苦手な質問

 「好きな歌手だれ?」「どんな歌聴くん?」

 僕はこの質問が苦手です。聞かれると、ドキッとして一瞬時が止まったような感覚になります。
ただ、苦手と言ってもこの質問が嫌いというわけではありません。むしろ、相手によっては食い気味に答えて共有したいという気持ちさえあります。
ではなぜ苦手なのか、理由は二つあります。

 ひとつは自分の心の中を見せている気がするからです。大袈裟な言い方ですが、僕にとってはこれに近いものがあるのです。
 音楽を聴くときに、なぜその曲を選んで聴くのか。そこには、そのときの精神状態が大きく影響していると僕は思います。モチベーションを上げたいときや感傷に浸りたいとき、何も考えずに黄昏たいとき、そのときの感情によって聴く曲は変わるからです。なので、好きな音楽について話している人を見ると、色々と考えてしまうのです。
 例えば、自分とあまり親しくない人が、今風に言うと『チル(chill)』と呼ばれるような音楽が好きだと言っていると、僕は「私は夜風に打たれながら色々なことを考えちゃう感受性豊かな人間ですよアピールいらんねん。自分のステータスのために音楽選ぶな。」と思ってしまいます。「ストレートにサンボマスター聴かんかい!」と。
 つまり、僕にとって好きな曲を教えるということは「僕はこういう感情になる人間だよ!!」という宣言であり、悪く言えばアピールなのです。これが心の中を見せているということで、僕にとっては恥ずかしいことだったりします。

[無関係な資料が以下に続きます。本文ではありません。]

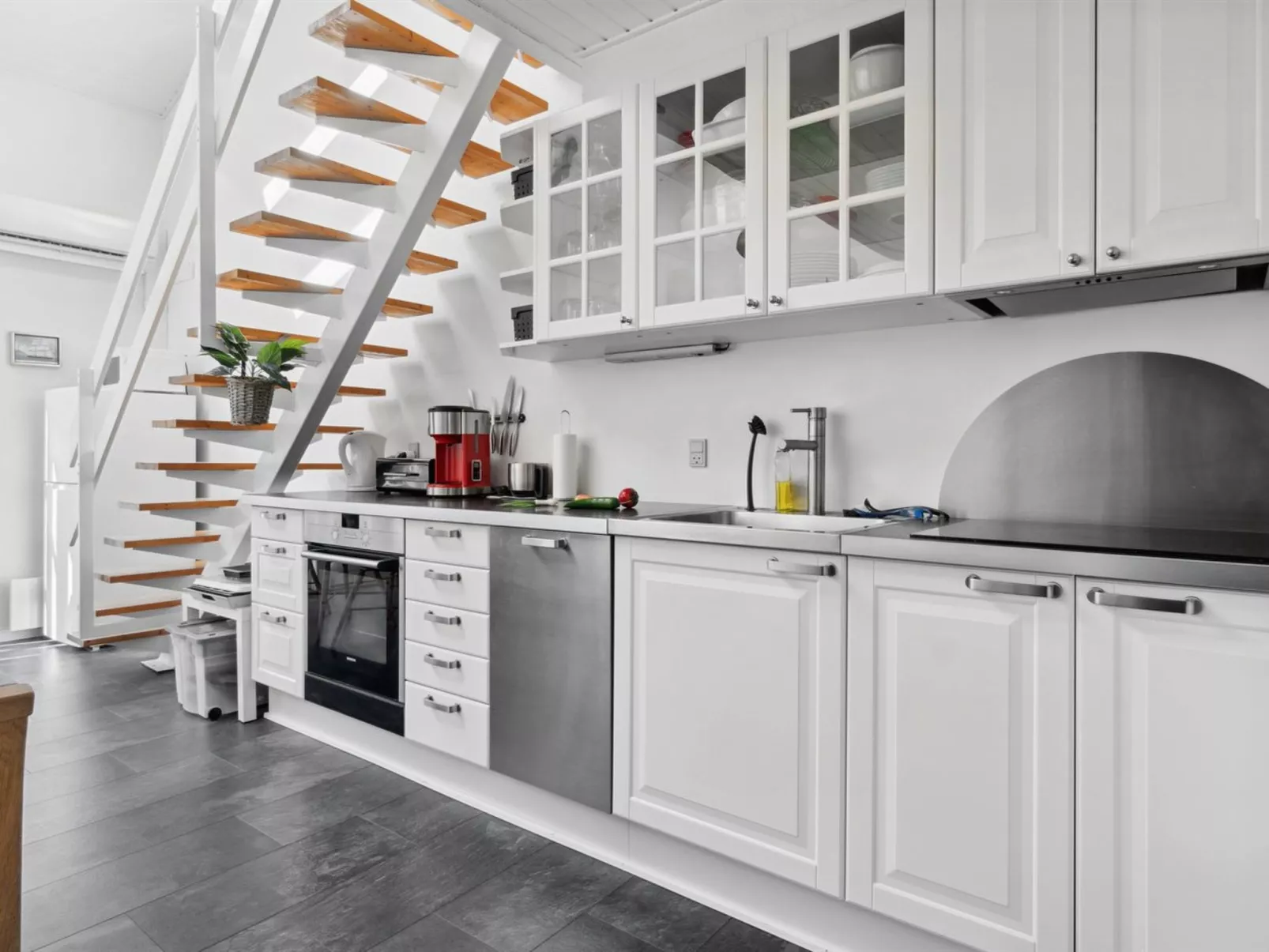 "Hermanda" - 100m to the fjord-Binnen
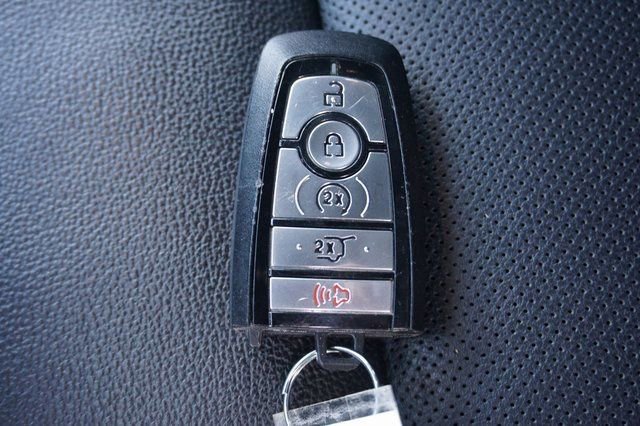 Certified 2022 Ford Explorer Limited w/ Limited Technology Package image 20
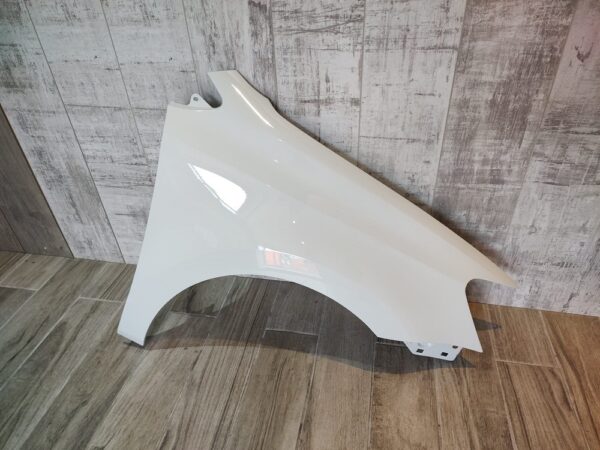 VW POLO 9N 2009–2017 DRIVER SIDE WING PANEL WHITE COLOUR LB9A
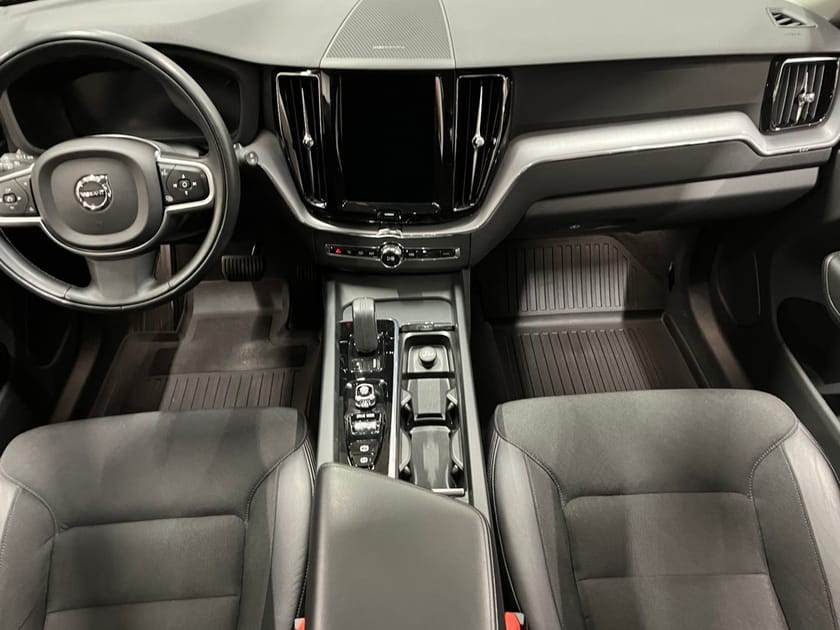 Bild 5 av Volvo XC60 B4 AWD Diesel Mom Adv *Drag/S&V-hjul/Nav/Voc*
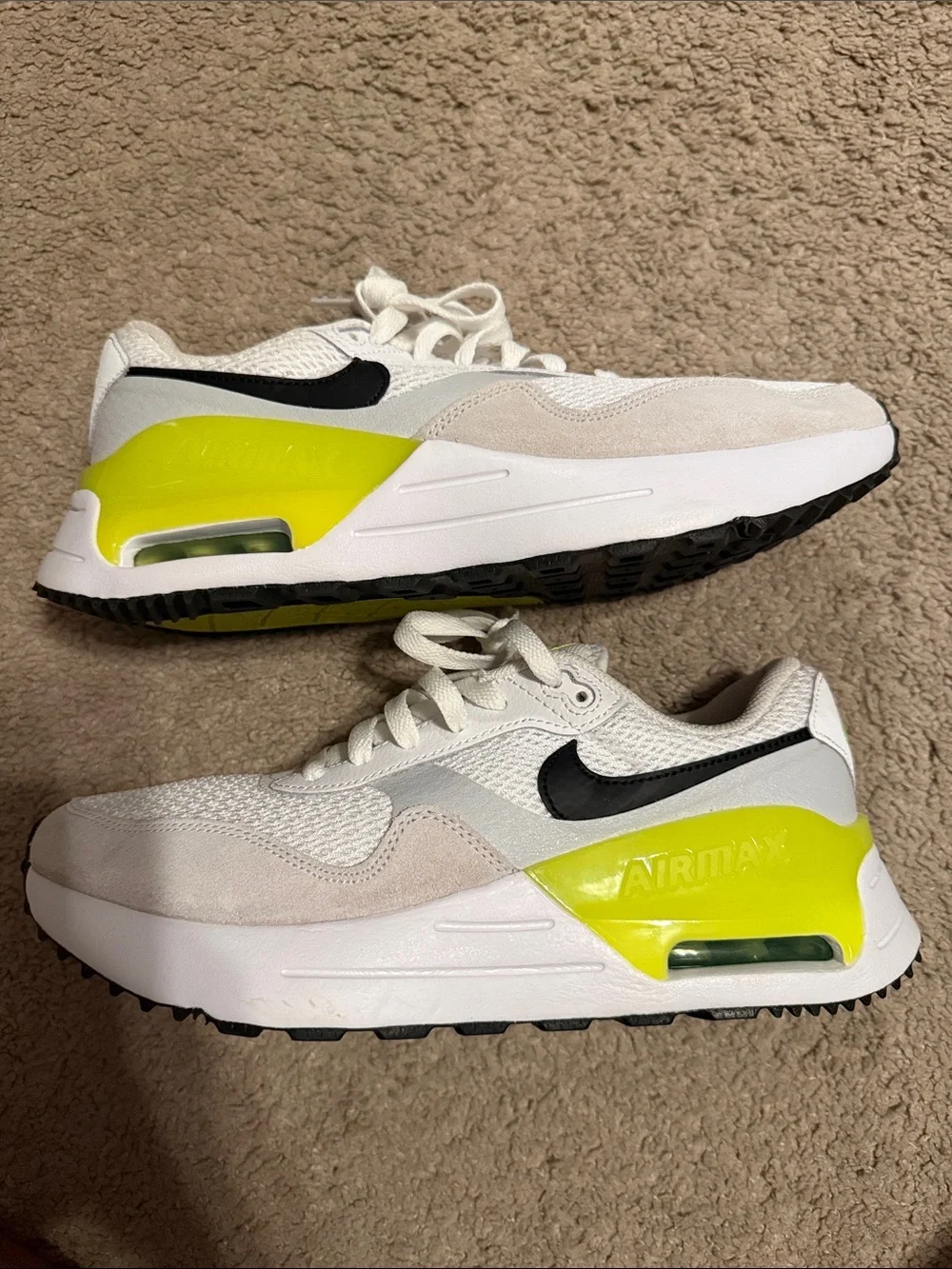 Nike women’s air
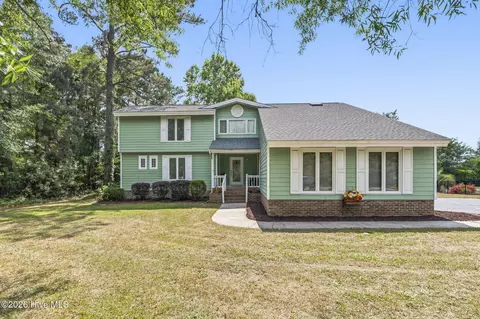 8114 Timber Ridge Rd, Conway, SC 29526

 もう一つの理由は、誰かと語り合いたいというよりも、その歌手・その曲を聴いている『自分』が好きなだけだからです。
 僕は歌手に対して好きという感情を抱くとき、ストレートに「この歌手めっちゃ良いやん!好き!」となるのではなく、「この歌詞聴いて心に染みれる自分、めっちゃ良い。だからこの歌手も好き。」となります。自己愛が強い分、優越感というフィルターを通してからでないと、好きという感情を抱けないのです。
 そして、この優越感ありきの好きという感情は、自分と同じ歌手が好きな他者が現れるとすぐに冷めてしまいます。「歌詞を聴いて染みれる自分」を誇らしく思っていたあの優越感が消滅してしまうからです。そして優越感を失った僕は、本当にその歌手が好きかどうか分からなくなるのです。だから、自分の中の好きを守るためにも、誰かとその好きについて語り合いたくないのです。

 そんな僕は最近、コンビニのアイスコーヒーを片手に、夜中川沿いに座って変態紳士クラブを聴くことにめちゃくちゃハマってます。